Muitas das relíquias descobertas serão expostas em um museu previsto para ser aberto em 2022 na cidade de Bormio, segundo Morosini. Já existe outro museu dedicado à Guerra Branca, este na cidade vizinha de Temù, e profissionais desse primeiro museu estão trabalhando agora para restaurar as relíquias encontradas nos alojamentos dos militares.

Luca Pedrotti, um coordenador científico do parque, disse que as relíquias encerram lições não apenas históricas, mas de ciência ambiental. O frio extremo matou soldados no norte da Itália mais de um século atrás. Hoje, as condições meteorológicas mais quentes criam um tipo diferente de risco.

Pedrotti, que viveu no parque quando era criança, contou que observou as geleiras recuando ao longo de décadas. Ele observou mudanças na flora e notou que os animais que gostam do frio se deslocaram para os picos das montanhas, procurando continuar nas zonas habitáveis, que continuam a encolher. “Acho importante usarmos o parque como área de estudos para conscientizar a população sobre a mudança climática”, disse ele.

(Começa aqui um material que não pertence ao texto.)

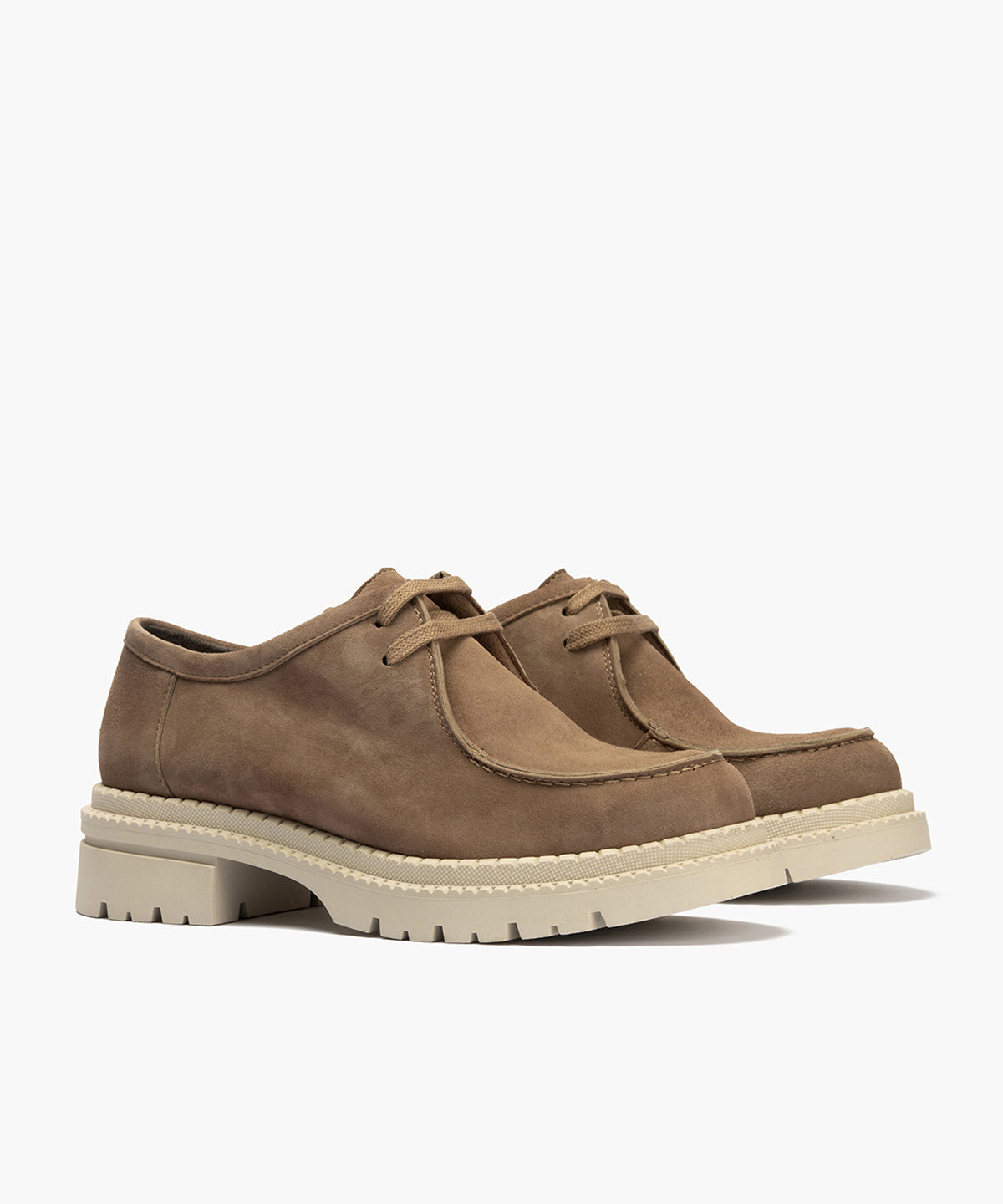 Wallaby en Ante con cordones de mujer color topo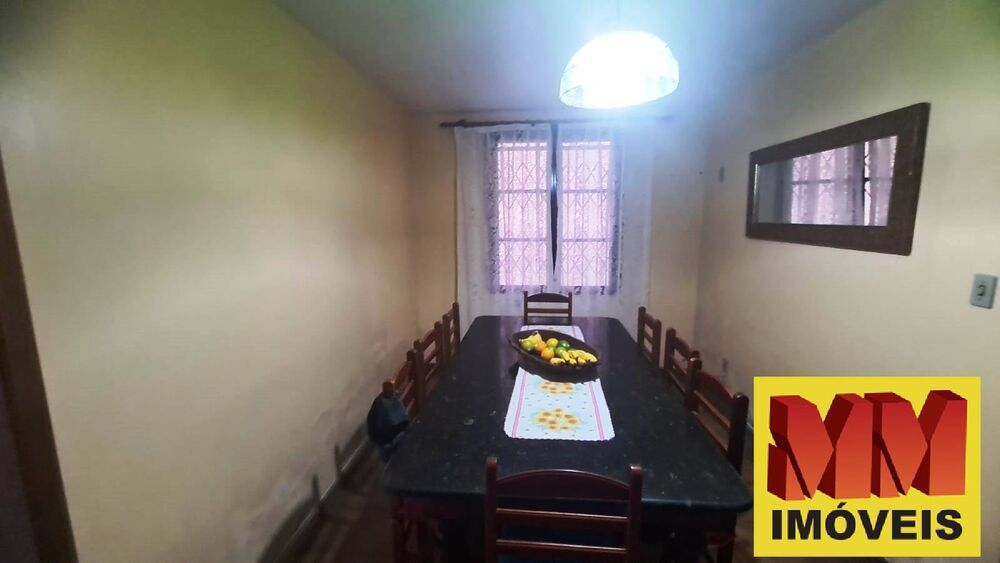 Casa à venda com 4 quartos, 200m² - Foto 2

Acredita-se que a maioria dos soldados mortos na Guerra Branca morreu não apenas em combates, mas devido ao meio ambiente. Seus postos avançados remotos eram difíceis de abastecer com alimentos e equipamentos, e avalanches eram frequentes nas montanhas nevadas, varridas por ventos fortes.

“Aqui os homens passam seus dias envoltos em peles felpudas, com gordura animal espalhada sobre o rosto para protegê-los contra as rajadas de vento geladas, que doem como pontadas. E passam as noites em buracos que abrem na neve”, escreveu o correspondente de jornal E. Alexander Powell em um livro publicado em 1918, “Italy at War”.

“Em nenhuma outra frente o combatente leva uma existência tão árdua quanto aqui no telhado do mundo. Não nas planícies esturricadas de sol da Mesopotâmia, nem nos pântanos congelados da Masúria [na Polônia], tampouco no lodo ensanguentado de Flandres.”

Não foram encontrados restos mortais nos alojamentos militares, embora corpos congelados de pessoas que lutaram na Guerra Branca tenham sido descobertos nas proximidades. Mas, segundo Alessandro Nardo, diretor do parque nacional, os pesquisadores encontraram pelo menos um sinal de vida.

“Quando cheguei aqui para administrar o Parque Nacional Stelvio, no final de 2018, uma das primeiras coisas que chamou a minha atenção foi um vasinho sobre uma mesa com um gerânio verde silvestre”, contou. “Perguntei a meu colega o que era, e ele disse que a planta germinou de sementes encontradas nos colchões do alojamento militar de Scorluzzo.”